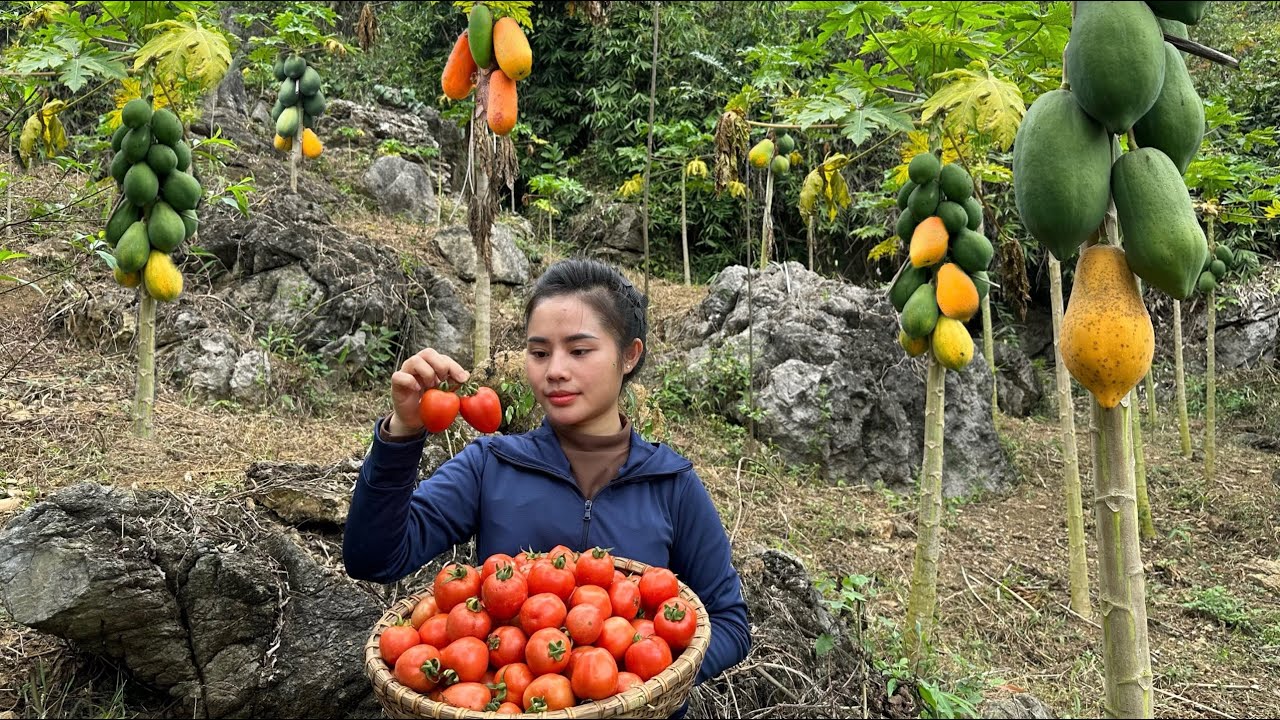 Harvesting tomatoes, red-fleshed papaya, and cabbage to sell at the market - how to preserve beans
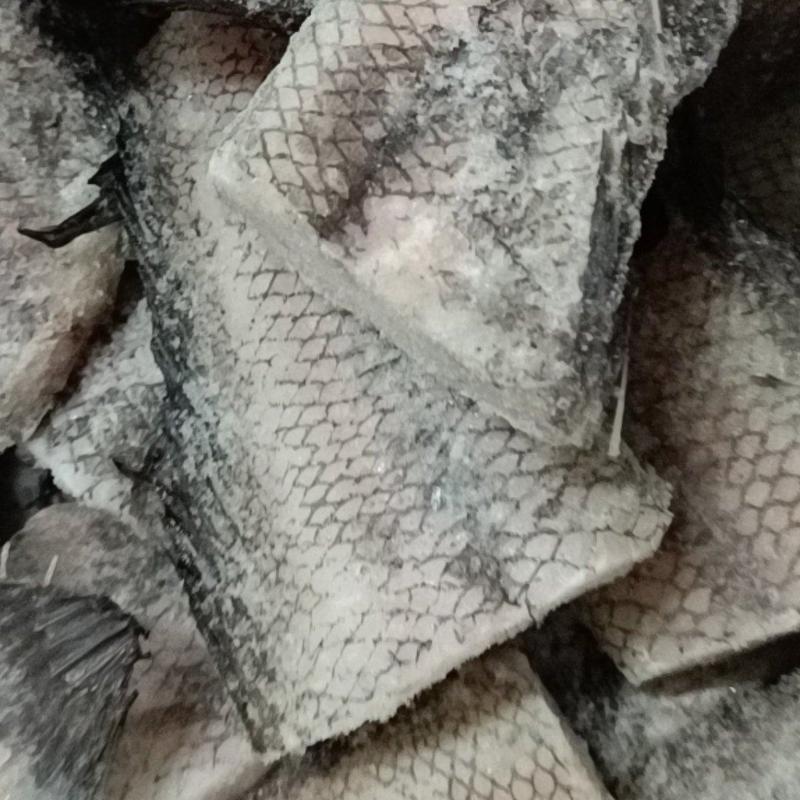 鳕鱼尾新鲜水产货，大量上，肉质鲜美，可产地视频看货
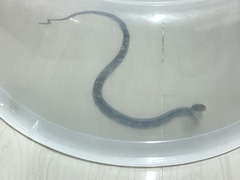 Coelognathus radiatus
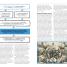 The History Book - thumbnail of spread image 4 Thumbnail image of The History Book - 4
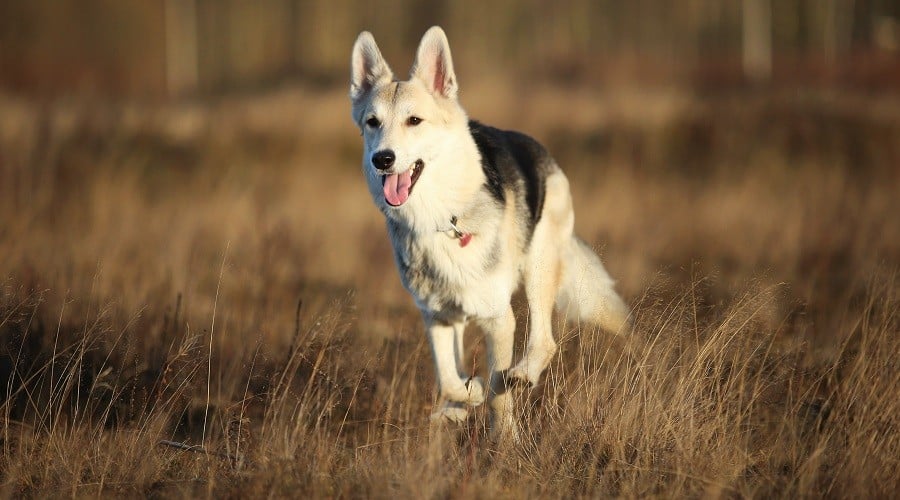 Shepherd Husky Mix Exercising in Field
____________
An exact copy of the records above is needed, with the pictures removed.

_Problem solution_:
 Harvesting tomatoes, red-fleshed papaya, and cabbage to sell at the market - how to preserve beans
 鳕鱼尾新鲜水产货，大量上，肉质鲜美，可产地视频看货
 Coelognathus radiatus
 The History Book - thumbnail of spread image 4 Thumbnail image of The History Book - 4
 Shepherd Husky Mix Exercising in Field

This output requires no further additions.